Early morning thunderstorms, somewhat of a surprise, approaching St. Albans, Vermont around 6:30 this morning. |
Yesterday marked the first hint of our coming transition to wetter weather here in Vermont. Today will drop a few more widely scattered hints, while we'll really notice the rain Thursday.
The vast majority of us stayed dry Tuesday. Most of us will avoid rain today.
Temperatures Tuesday rose well into the 80s across Vermont's valleys, even touching 90 degrees in Burlington Despite some pretty dry air, a couple isolated showers and storms formed over the mountains. The slopes helped initiate updrafts which grew enough to become slow moving, isolated showers and storms.
I saw one on radar over southeast Vermont that seemed to be moving so slowly that I imagine one or two towns bulleyed by this might have had an inch or two of rain while places literally a couple miles down the road saw nothing.
When there's summer warmth, any little disturbance has the potential to prompt a couple of showers. Early this morning, a real wimp of a wrinkle in the air flow overhead and a small pool of moisture in the atmosphere were enough to fire up a few widely scattered storms this morning.
As of 7 a.m., showers and thunderstorms were mostly focused over the central and northern Champlain Valley, heading slowly east and southeast. Which left some of us pleasantly surprised by an early morning wetting for the gardens. Other early storms were lingering over southwestern New Hampshire.
Any of us could see a shower or storm because of this today, though as I mentioned most of us stay dry.
Drier air aloft will probably mix down to the surface this afternoon, which will probably limit the showers. Usually summertime storms peak at the height of afternoon heating, but today's might wane a little bit by mid to late afternoon. We shall see.
Despite the smattering of storms around, we'll see enough sunshine to once again boost us all well into the 80s today.
THE REAL RAIN
Thursday still looks like a wet one. Humid, too, as the incoming cold front will draw quite a lot of moisture into our area.
Generally speaking, the National Weather Service in South Burlington is forecasting anywhere from a half inch to 1.2 inches of rain through Thursday night. Enough for a decent wetting.
A few spots might get nailed with a slow moving downpour or a string of them, leading to a few isolated spots seeing more than two inches of rain.
NOAA's Weather Prediction Center does put Vermont in a marginal risk zone for flash flooding, the lowest of four risk levels.
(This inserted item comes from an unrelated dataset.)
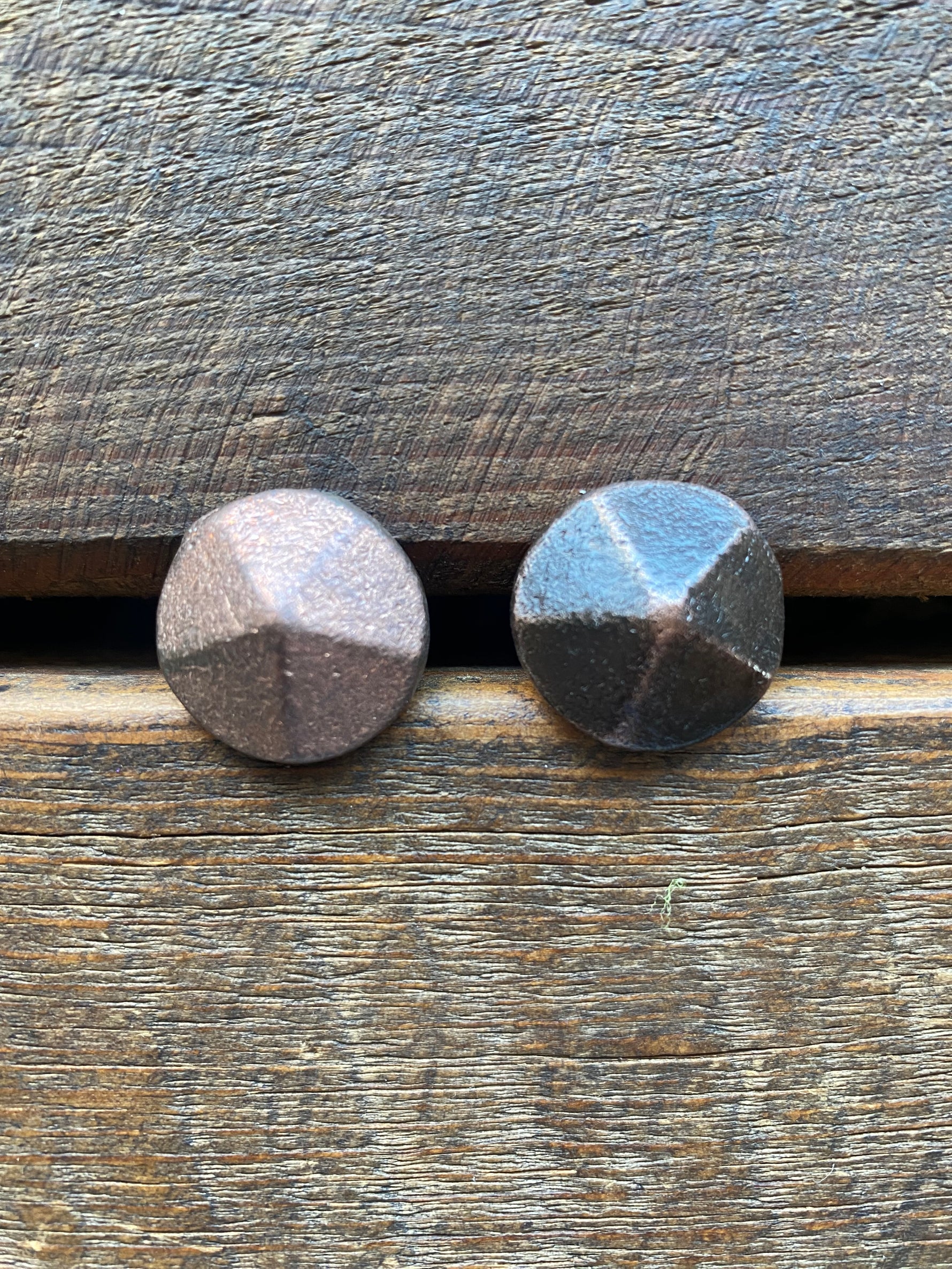 Clou à tête pyramidale ronde en cuivre de 3/4 po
They're concerned about repeated downpours along the same area near a warm front that will stall somewhere near or over Vermont for a time.
That said, we had that long dry spell, so it would take a LOT of rain to create any local flash floods. Most of us have gone at least a week without rain. There's been lots of sun and humidity has been low until now. Things have dried out nicely.
If there is any flash flooding Thursday and Thursday night, and that's a fairly big if, I imagine it will be very localized and probably not that bad. Still, if by chance you do encounter water over a roadway, don't drive through it. Turn around, because you won't know how deep the water is, or whether or not there actually is a road under the way. It could have washed away for all you know.
The showers will continue on Friday through at least Sunday. None of those days will be washouts, but there will always be the risk of getting a quick dose of rain. You never know when that rain will hit, but it'll probably be most likely during the afternoons and evenings.
Although it will be much less warm over the weekend than it's been, highs near 70 and lows in the 50s would be just a slight touch cooler than average. No biggie.